INPUT FOR THIS TASK: Begin

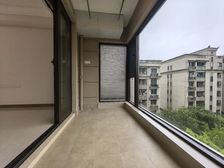 照母山光环商圈洋房。恒大御府 内圈 三房双卫195万 保真!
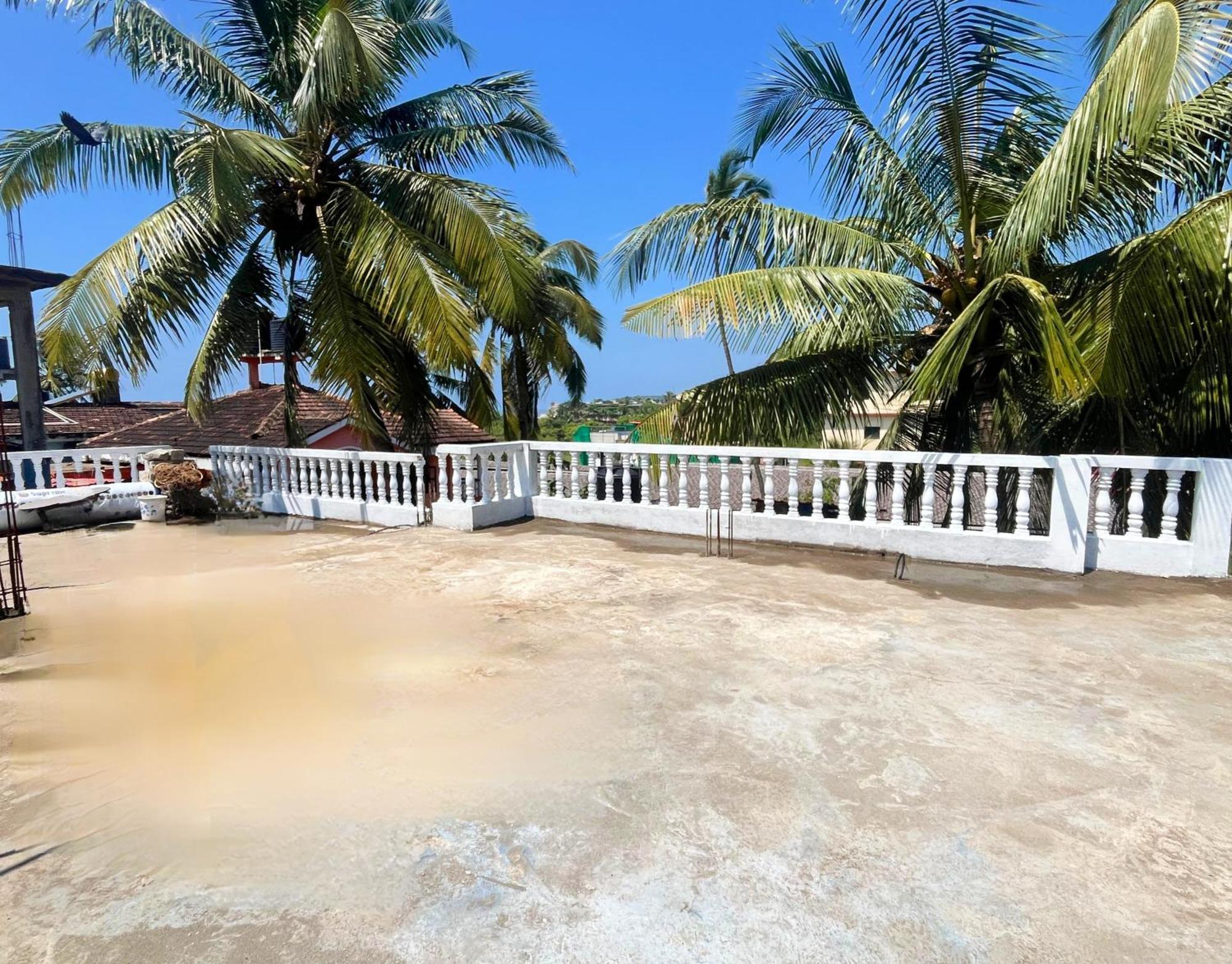 Yash-Deep 100 Meter Calangute Beach Walking エクステリア 写真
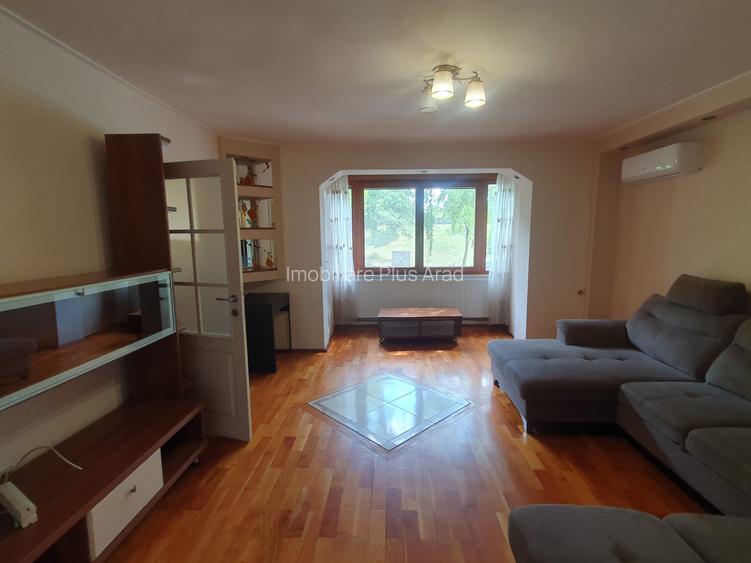 Inchiriez apartament 3 camere Malul Muresului - 2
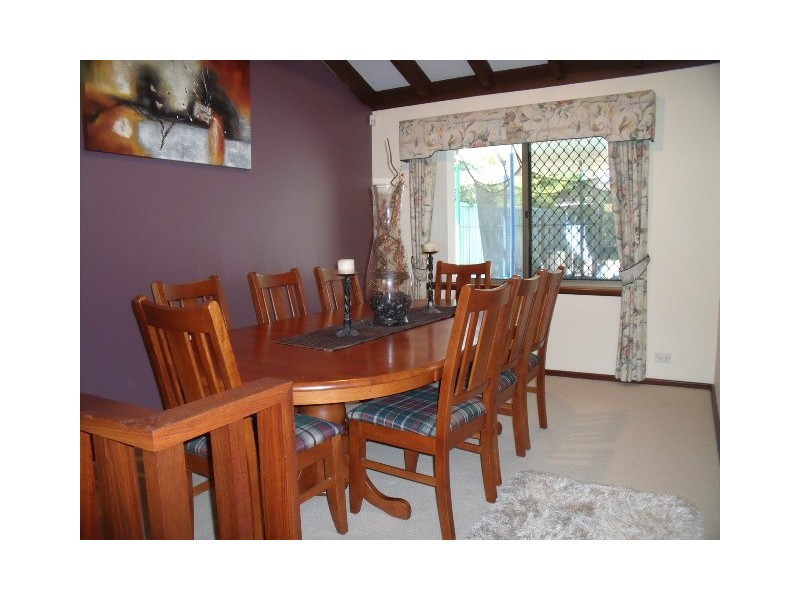 35 Nicholls Crescent, Bull Creek WA 6149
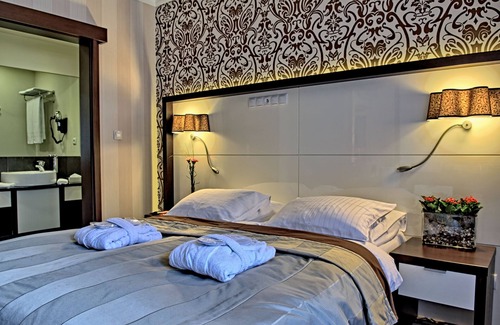 Krynica-Zdroj Hotel | Discover Hotel Czarny Potok Resort with Spa & Pool Access
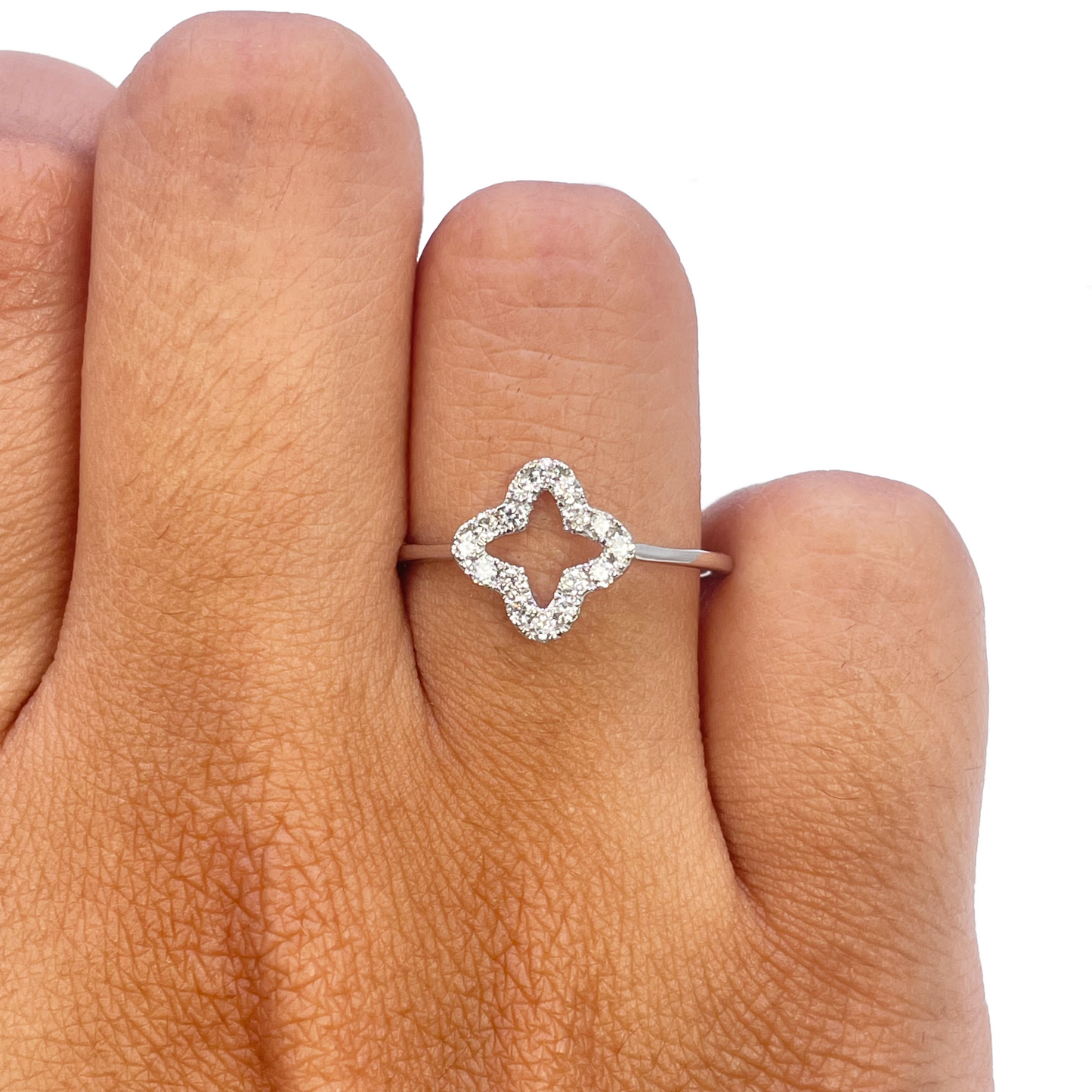 18ct White Gold 0.18ct Natural Diamond Pave Open Quatrefoil Flower Ring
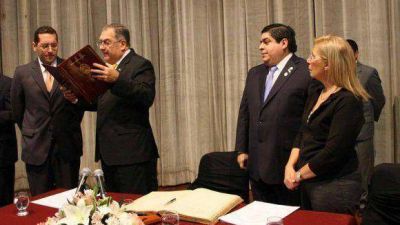 La C�mpora empieza a pisar fuerte en el gobierno de la UNT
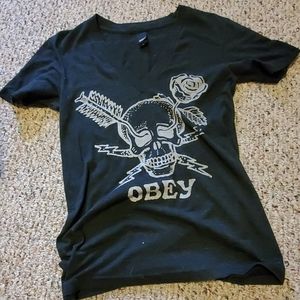 Obey short sleeve v neck tee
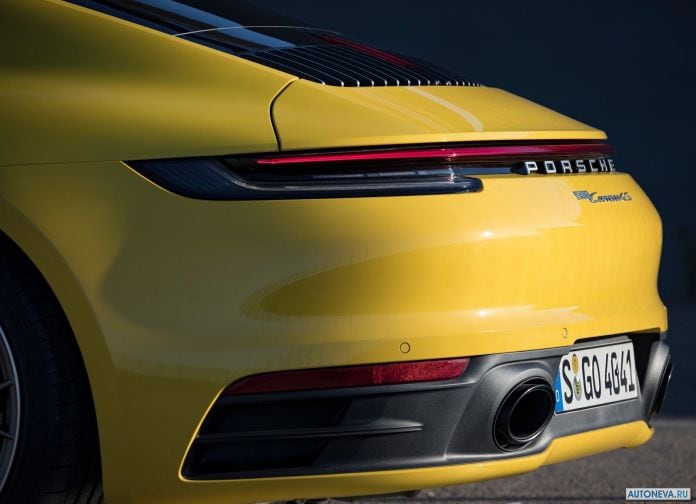 2019 Porsche 911 Carrera 4S - фотография 212 из 254
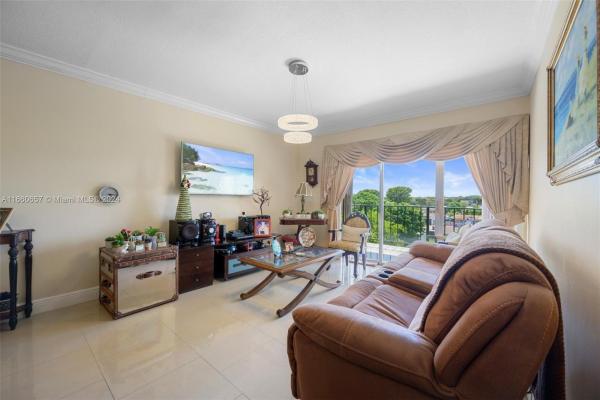 Los Arboles, 1900 W 68th St #I401, Hialeah, Florida 33014, image 1
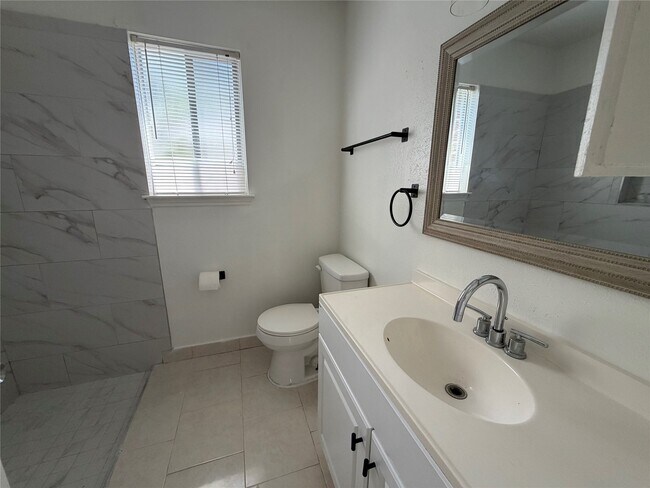 Building Photo - 14407 Locke Ln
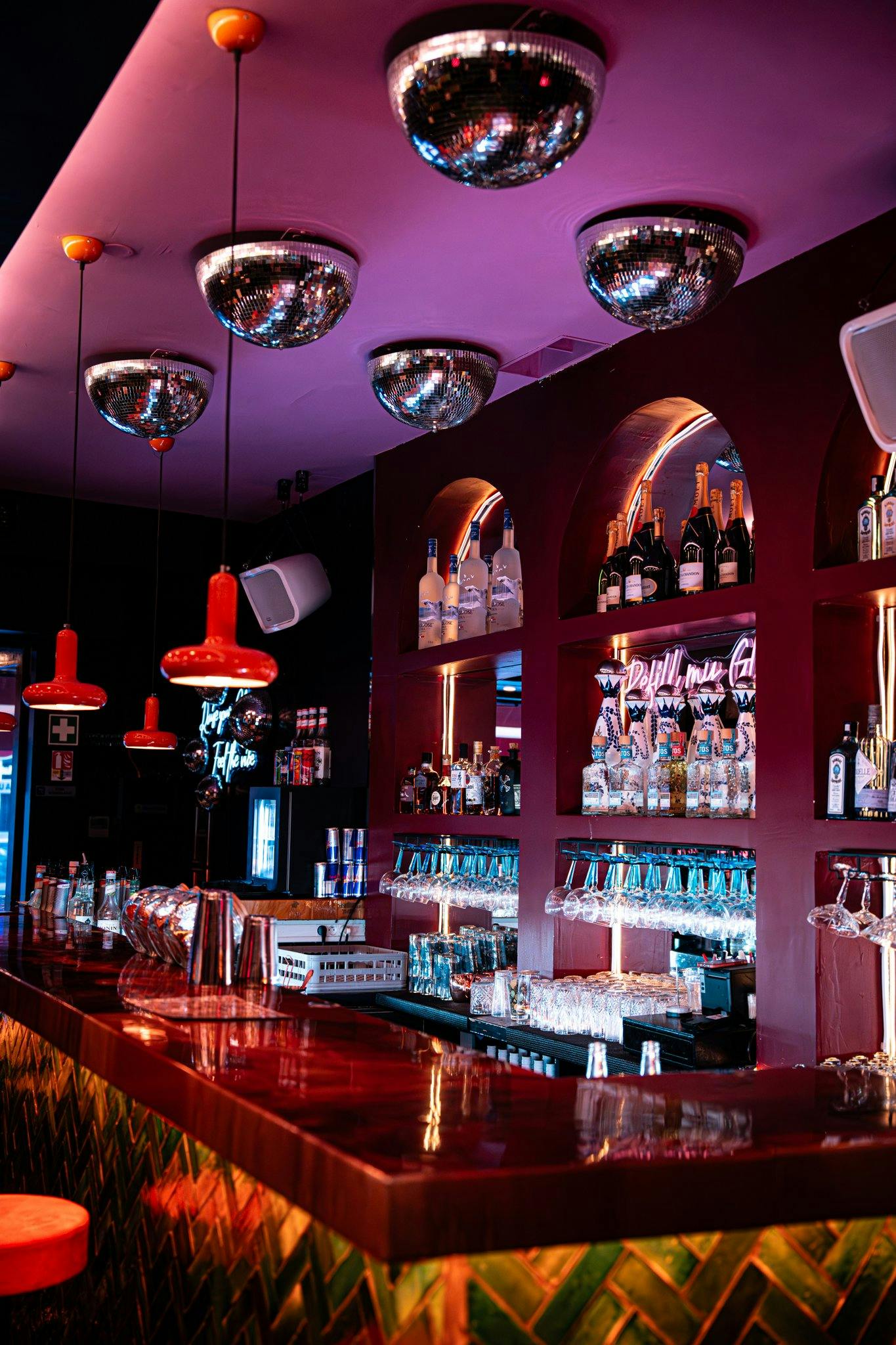 Sleek Cocktail Bar and Event Space in the Heart of Cannes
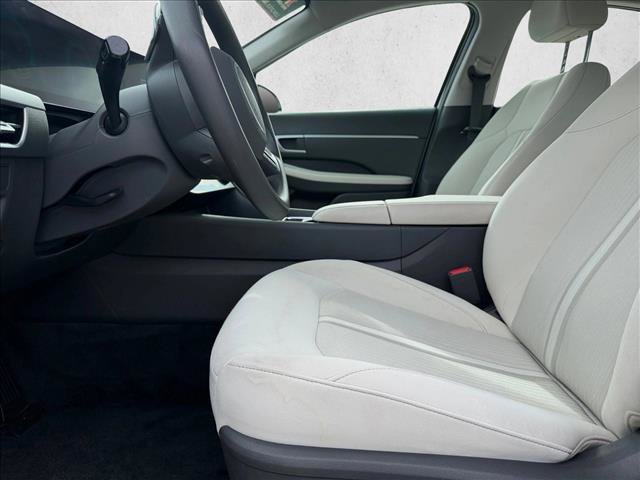 Used 2025 Hyundai Sonata SEL FWD image 15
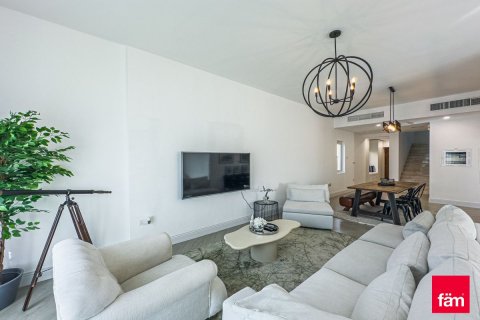 Vila u Dubai, UAE 3 spavaćih soba, 325 m2 Br. 758040 - fotografija 13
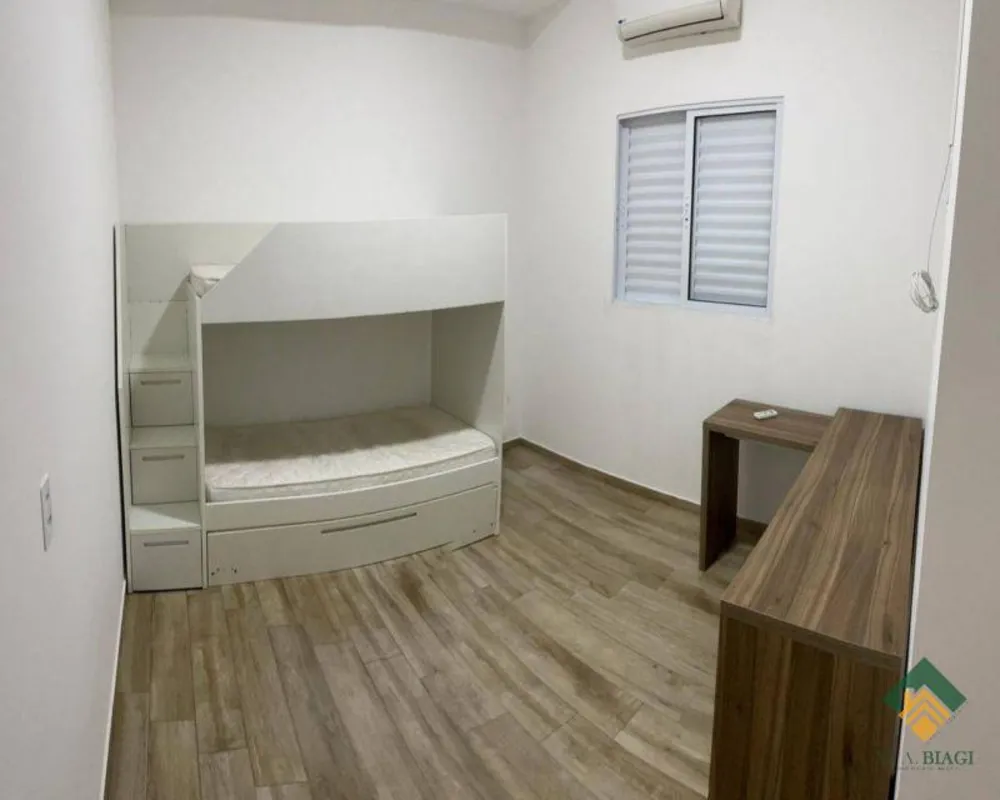 Casa, 4 quartos, 252 m² - Foto 1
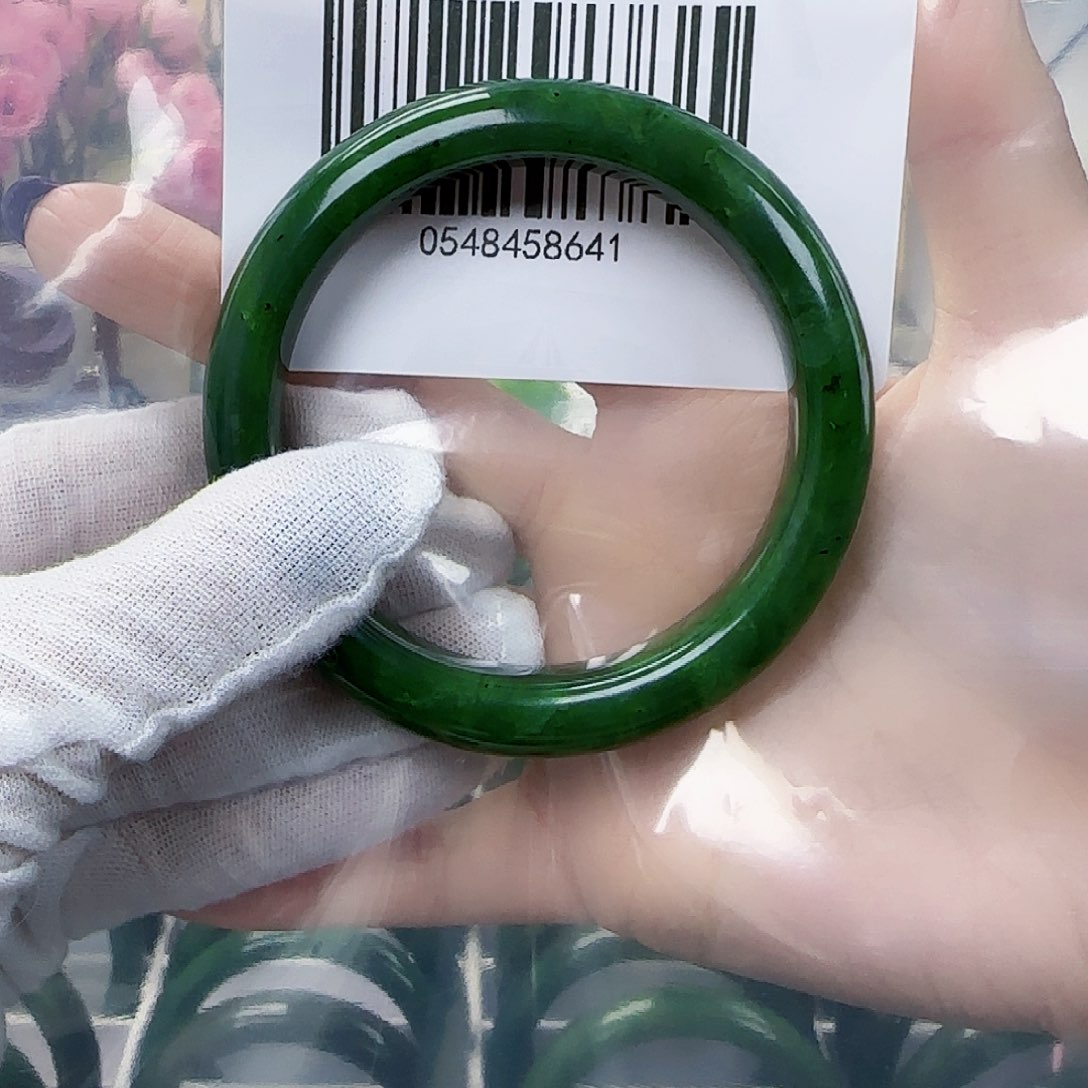 和田玉（碧玉）手镯未镶嵌58包容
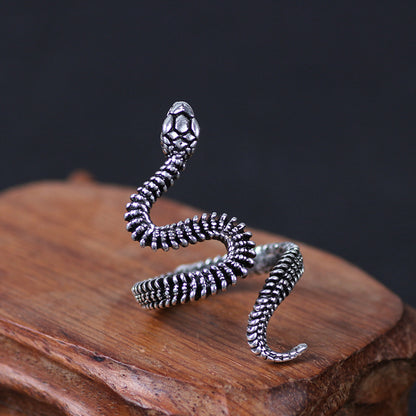 Anillo de serpiente antiguo con dedo índice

INPUT FOR THIS TASK: End

Please copy the lines above exactly, starting at the line that holds "Yash-Deep 100 Meter" and ending at the line that holds "Used 2025 Hyundai Sonata SEL FWD image 15"; include both, but no pictures.

 Yash-Deep 100 Meter Calangute Beach Walking エクステリア 写真
 Inchiriez apartament 3 camere Malul Muresului - 2
 35 Nicholls Crescent, Bull Creek WA 6149
 Krynica-Zdroj Hotel | Discover Hotel Czarny Potok Resort with Spa & Pool Access
 18ct White Gold 0.18ct Natural Diamond Pave Open Quatrefoil Flower Ring
 La C�mpora empieza a pisar fuerte en el gobierno de la UNT
 Obey short sleeve v neck tee
 2019 Porsche 911 Carrera 4S - фотография 212 из 254
 Los Arboles, 1900 W 68th St #I401, Hialeah, Florida 33014, image 1
 Building Photo - 14407 Locke Ln
 Sleek Cocktail Bar and Event Space in the Heart of Cannes
 Used 2025 Hyundai Sonata SEL FWD image 15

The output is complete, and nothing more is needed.